First i created a base.html file. This will serve as a template for all other files i will write in the future. Here is the first iteration of the base.html i've used for this blog:
<html>
<head>
<title>{% block title %}{% endblock %} | pskirde.com</title>
<meta name="description" content="{% block description %}{% endblock %}">
</head>
<body>
<header>
<span class="site-title">pascal's dev blog</span>
</header>
<main>
{% block content %}{% endblock %}
</main>
</body>
</html>
The base.html is the building block for every other page. The blocks like: {% block title %}{% endblock %} are template placeholders. If you would insert any context with the name "title" into the template it would be shown.
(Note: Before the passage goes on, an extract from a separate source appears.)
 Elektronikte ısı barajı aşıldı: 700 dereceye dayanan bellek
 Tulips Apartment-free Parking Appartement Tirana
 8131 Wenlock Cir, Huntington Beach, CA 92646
Let me show what i mean with the About me page of this blog:
{% extends "base.html" %}
{% block title %}About me{% endblock %}
{% block description %}Hi i am Pascal. I was born in 1998 and living in northern germany.{% endblock %}
{% block content %}
<!-- Content will go here -->
<h1>Hi i am Pascal</h1>
<p>I was born in 1998 and currently live in Hamburg, Germany.</p>
<br>
<p>My socials</p>
<p><a href="https://x.com/skirdogg">X.com</a></p>
<p><a href="https://github.com/pskirde">Github</a></p>
<p><a href="mailto:pascalskirde@web.de">Email</a></p>
{% endblock %}
You can see that the context of title, description and content is configured via the about-me.j2 file, which is extending the base.html file and filling it with the context.
Python code to render the pages
This is basically where all the magic is happening and the html sites will be generated. This is all happening in the following python script:
#!/usr/bin/env python3
from jinja2 import Environment, FileSystemLoader
from pathlib import Path
def render_templates():
# Create output directory if it doesn't exist
Path("public").mkdir(exist_ok=True)
# Set up Jinja environment
env = Environment(loader=FileSystemLoader("templates"))
# Process all .j2 files
for template_file in Path("templates").glob("**/*.j2"):
# Get relative path and create output path
rel_path = template_file.relative_to("templates")
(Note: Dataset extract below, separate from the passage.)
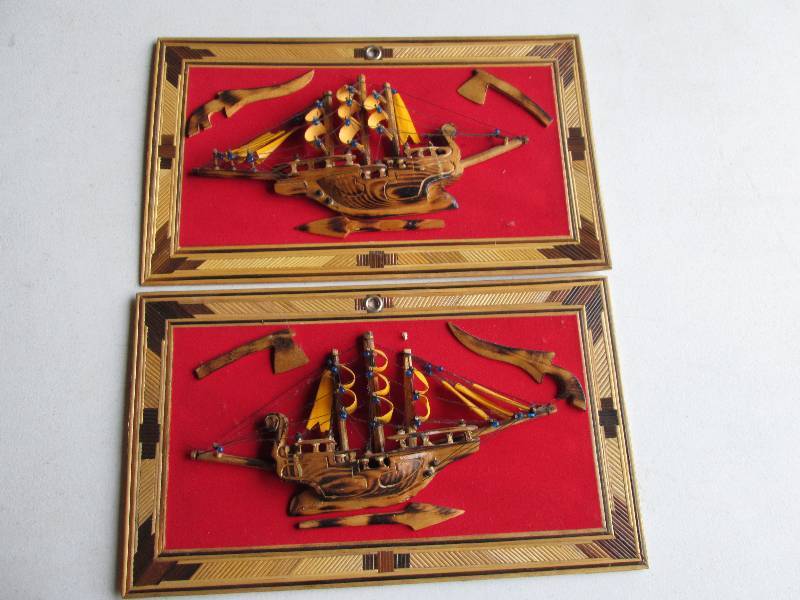 Lot of 3 dimentional boats on frame...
output_path = Path("public") / rel_path.with_suffix(".html")
# Create subdirectories if needed
output_path.parent.mkdir(parents=True, exist_ok=True)
# Render template and save
template = env.get_template(str(rel_path))
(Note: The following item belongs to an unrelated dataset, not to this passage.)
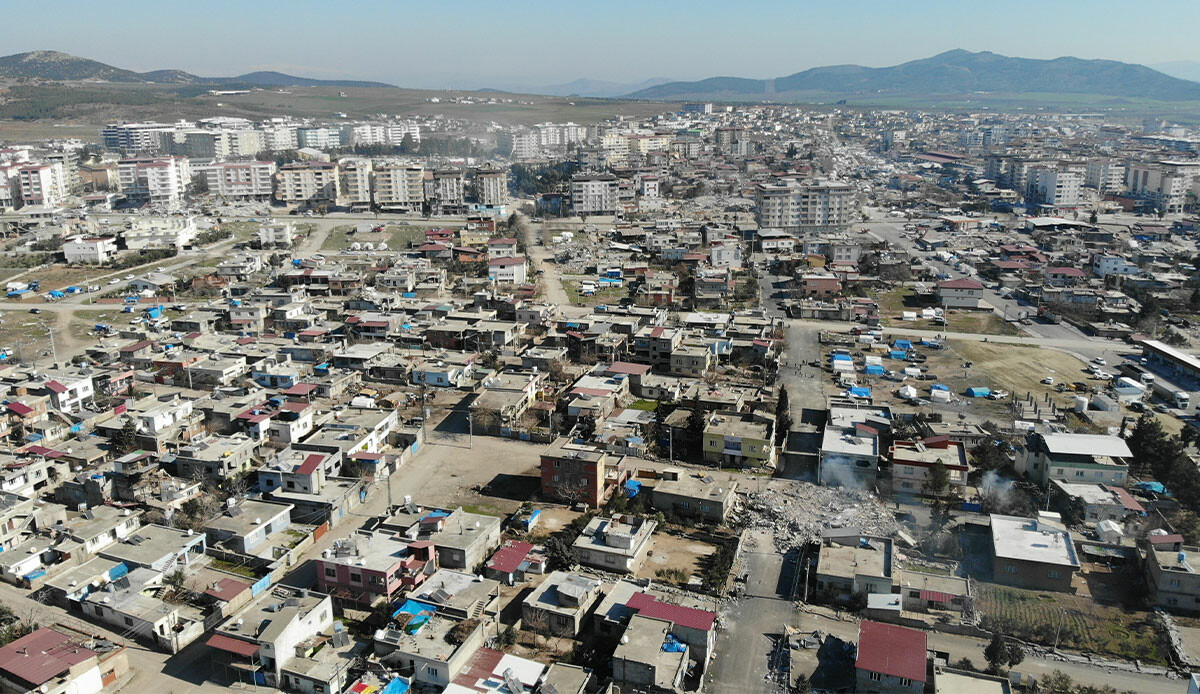 Depremin ardıdan 40 bin nüfuslu ilçe için kritik karar: Tamamı yıkılacak!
rendered = template.render()
with open(output_path, "w") as f:
f.write(rendered)
print(f"Rendered {template_file} -> {output_path}")
if __name__ == "__main__":
render_templates()
The script renderes all pages with the given context. The base is the base.html and every other site like index.j2, blog.j2 or about-me.j2 is giving the title, description and content of each page.
All sites will then be rendered into html where they can be interpreted by the browser.
Indexing and sorting of the pages
One challenge i needed to solve was to create some preview functionality of the blog articles. I want my latest 10 blog articles to be shown on my index.html page and all blog articles to be available under blog.html.
To accomplish this i needed to render all the blog articles in one run and after that parse them and get the title, description and the timestamp which every blog article has.
When i have all this information, i can easily sort by the 10 newest blog articles and create a short link with the title the description and the time of the writing for my index page.
My index.j2 has the following block in it:
{% for article in articles %}
<h3> <a href="{{ article.filepath }}">{{ article.title }}</a> </h3>
<p> {{ article.time }} </p>
<p> {{ article.description }} </p>
{% endfor %}
I can easily loop over the articles context and give every link the according information it needs.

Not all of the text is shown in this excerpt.